Maybe "adolescent", then? Though I think that refers more to ages 13-20 or so. To some, I think young adult can mean 20-40, but to others it can mean 15-25ish, or at least that's what I think of when I hear "young adult". I don't think any of the english words like that have such a clearly defined age, but that could just be me. (Same with youth, which I think of as kind of 5ish-15, but aparently some thing of it as more what ungdomar are)
In my experience what age range an English speaker is talking about in situations like this depends a lot on the age of the speaker. 'Young people' can often mean anyone who's at least one generation younger than the speaker (though certainly not always).
It's one reason the term 'Millennial' is kinda loaded. It refers to a specific cohort of people, but kinda became synonymous with 'young adult'. So when people of that cohort began entering their 30s (and soon 40s), it started to feel really dissonant.
Here are some examples of how the word "youngster" is used:
"Advertising of the iPhone has led it to become very popular. If a youngster is going to get a phone for the first time, there is a huge change that he/she will get an iPhone just because it’s an option which everyone knows about."
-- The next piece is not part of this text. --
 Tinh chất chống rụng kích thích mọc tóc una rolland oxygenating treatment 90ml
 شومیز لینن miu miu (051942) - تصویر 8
"Promising West Brom youngster popular for all the right reasons. . . . West Bromwich Albion's most endearing midfield enforcer might need to toughen up, with Ben Foster suggesting the teenager is 'almost too nice.'"
"PEER GROUPS: Social skills --> youngster’s popularity during adolescence Some youngsters – both boys and girls –are both aggressive and popular at the same time"
"They're too quiet! What are those youngsters doing?" Parents, especially grandparents, would refer to youths who might get into mischief as "youngsters." It is a semi-affectionate term. Generally "youngsters" refers to adolescents, but the term can be used for a wider range of young people, including anyone younger than the speaker: "Those youngsters haven't discovered really good music yet."
I'm getting the sense here that 'ungdom' might be better translated as 'young adults' than 'youngsters' in modern English. It's clearly not (based on the comments) used in a way that would be equivalent to 'barn', but also obviously distinct from regular adults given the use of 'ung'.
It's relative - I actually just heard a woman in her ~60s call two people clearly in their 30s ungdomar, only an hour ago. She was obviously expecting a laugh, but still. But I'd say no younger than twelve, and without context no older than about 25. Something like that. Note that you might very well get a different answer from another native.
Sweden has a fairly wide range of dialects and sociolects, so getting different advice on pronunciation and idiomatics from different speakers is to be accepted. I generally aim to talk about the most general and common way of speaking, and note why if not.